▶ [What to do]:
Search each line below for the word "Printed" and list those that contain it.

[Scraped caption text data]
^^^^^^^^^^^^^^^^
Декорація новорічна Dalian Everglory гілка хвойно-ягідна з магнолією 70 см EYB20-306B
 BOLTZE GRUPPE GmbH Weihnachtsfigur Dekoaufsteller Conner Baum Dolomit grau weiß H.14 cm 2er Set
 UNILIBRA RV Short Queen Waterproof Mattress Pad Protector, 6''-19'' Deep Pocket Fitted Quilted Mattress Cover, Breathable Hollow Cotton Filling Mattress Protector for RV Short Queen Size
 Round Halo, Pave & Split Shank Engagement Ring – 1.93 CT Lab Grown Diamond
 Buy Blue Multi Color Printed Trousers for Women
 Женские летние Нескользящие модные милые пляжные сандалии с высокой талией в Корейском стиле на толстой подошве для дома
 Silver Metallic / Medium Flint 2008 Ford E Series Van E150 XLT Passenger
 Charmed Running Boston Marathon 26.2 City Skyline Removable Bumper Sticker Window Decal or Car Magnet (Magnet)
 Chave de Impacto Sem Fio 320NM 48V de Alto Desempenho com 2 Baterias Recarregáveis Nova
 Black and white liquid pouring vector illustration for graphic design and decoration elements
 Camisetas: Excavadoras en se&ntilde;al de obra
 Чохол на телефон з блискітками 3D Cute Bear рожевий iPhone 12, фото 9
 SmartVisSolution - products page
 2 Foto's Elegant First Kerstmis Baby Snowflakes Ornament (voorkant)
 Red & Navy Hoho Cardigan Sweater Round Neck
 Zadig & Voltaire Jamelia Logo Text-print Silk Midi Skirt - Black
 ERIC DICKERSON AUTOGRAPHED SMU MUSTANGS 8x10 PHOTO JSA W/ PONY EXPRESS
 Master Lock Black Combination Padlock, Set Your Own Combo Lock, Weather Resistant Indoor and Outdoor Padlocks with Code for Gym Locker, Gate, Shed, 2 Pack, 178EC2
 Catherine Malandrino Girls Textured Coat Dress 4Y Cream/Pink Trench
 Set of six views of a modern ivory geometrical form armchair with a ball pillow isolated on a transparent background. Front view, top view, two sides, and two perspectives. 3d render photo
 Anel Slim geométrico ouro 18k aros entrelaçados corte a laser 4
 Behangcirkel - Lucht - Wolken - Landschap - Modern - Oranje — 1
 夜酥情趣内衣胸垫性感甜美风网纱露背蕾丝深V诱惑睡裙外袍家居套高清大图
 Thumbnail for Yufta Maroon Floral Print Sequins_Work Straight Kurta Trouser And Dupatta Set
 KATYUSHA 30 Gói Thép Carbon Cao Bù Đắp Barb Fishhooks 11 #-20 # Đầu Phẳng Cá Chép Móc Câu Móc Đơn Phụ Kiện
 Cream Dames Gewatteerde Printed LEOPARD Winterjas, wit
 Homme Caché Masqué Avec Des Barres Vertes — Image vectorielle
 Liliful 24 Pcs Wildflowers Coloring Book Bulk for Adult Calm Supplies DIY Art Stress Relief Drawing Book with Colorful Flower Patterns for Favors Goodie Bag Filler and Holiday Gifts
^^^^^^^^^^^^^^^^
▶ [Result for this exercise]:
 Buy Blue Multi Color Printed Trousers for Women
 Cream Dames Gewatteerde Printed LEOPARD Winterjas, wit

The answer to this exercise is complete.